Beneath this instruction is a listing; print exactly the lines in it starting at the line that contains "image for item" and going through the line that contains "Building Photo - Desirable".
○ ○ ○
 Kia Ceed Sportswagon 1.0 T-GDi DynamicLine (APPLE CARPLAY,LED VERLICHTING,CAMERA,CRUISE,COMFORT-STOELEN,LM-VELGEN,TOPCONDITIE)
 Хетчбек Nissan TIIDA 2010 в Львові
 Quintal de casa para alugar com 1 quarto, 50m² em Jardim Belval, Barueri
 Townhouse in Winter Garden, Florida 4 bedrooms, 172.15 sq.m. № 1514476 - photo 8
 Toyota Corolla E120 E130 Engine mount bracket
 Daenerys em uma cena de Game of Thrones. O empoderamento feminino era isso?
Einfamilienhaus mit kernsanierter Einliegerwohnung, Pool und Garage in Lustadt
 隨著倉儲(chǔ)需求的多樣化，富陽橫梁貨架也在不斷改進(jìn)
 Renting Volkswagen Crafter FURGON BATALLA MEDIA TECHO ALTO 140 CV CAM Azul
○ ○ ○
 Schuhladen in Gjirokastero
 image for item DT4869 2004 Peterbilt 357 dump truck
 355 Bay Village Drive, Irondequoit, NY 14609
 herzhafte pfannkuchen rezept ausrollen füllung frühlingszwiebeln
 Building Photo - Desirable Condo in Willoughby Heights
○ ○ ○
* RESPONSE BELOW:
 image for item DT4869 2004 Peterbilt 357 dump truck
 355 Bay Village Drive, Irondequoit, NY 14609
 herzhafte pfannkuchen rezept ausrollen füllung frühlingszwiebeln
 Building Photo - Desirable Condo in Willoughby Heights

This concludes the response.